En segundo lugar, mi profundo orgullo como español a las víctimas del terrorismo de nuestro país. No creo que haya en el mundo otro colectivo más ejemplar. Jamás vi odio en sus miradas, ni les escuché un reproche por los años en que fueron olvidadas o por los momentos en que las dejamos solas con su dolor. Incluso en lo más profundo de su sufrimiento supieron mantener una dignidad que sus asesinos jamás lograron arrebatarles. Incluso, he visto en ellas gestos de perdón que van más allá de lo humanamente exigible. Tener la oportunidad de que nuestras víctimas den testimonio de tanta grandeza, valor y fortaleza ante representantes de otros países amigos es algo que compensa cualquier esfuerzo.

No fue un camino fácil, pero la democracia española ha sabido entender el valor que las víctimas del terrorismo atesoran.

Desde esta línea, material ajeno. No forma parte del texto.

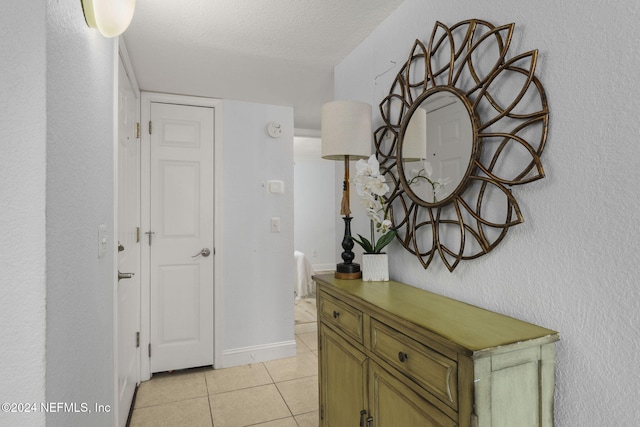 corridor with light tile patterned flooring and a textured ceiling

España ha desarrollado así un modelo de reconocimiento, de atención y de apoyo a las víctimas que puede servir de referencia para otros países. Como miembro de la Asamblea Parlamentaria de la OSCE me gustaría que, sobre la experiencia española y en base a los debates compartidos con otros miembros en esta Conferencia, pudiera elevar al Pleno de la Asamblea un informe que pueda ser el embrión de un Estatuto de las Víctimas del Terrorismo en todo el área OSCE. Ese es el objetivo último por el que hemos convocado en el Senado a parlamentarios de los 54 países miembros y a colectivos de víctimas de muchos de ellos.

Por último, esta Conferencia supondrá una oportunidad para que los miembros de la Comisión Contraterrorista de la OSCE puedan conocer mejor la política antiterrorista de España. Un caso de éxito que no solo permitió la derrota de una sanguinaria banda terrorista como ETA, con la fuerza de la democracia y en el estricto marco de nuestro Estado de derecho, sino que hoy hace frente también con eficacia a la grave amenaza del terrorismo yihadista. De igual modo, creo que también en este campo la experiencia española, de forma especial la excelencia de nuestras Fuerzas y Cuerpos de Seguridad, puede constituir un modelo para otros países que han tenido la fortuna de no haber sufrido aún la amenaza terrorista con la intensidad con la que lo ha sufrido España.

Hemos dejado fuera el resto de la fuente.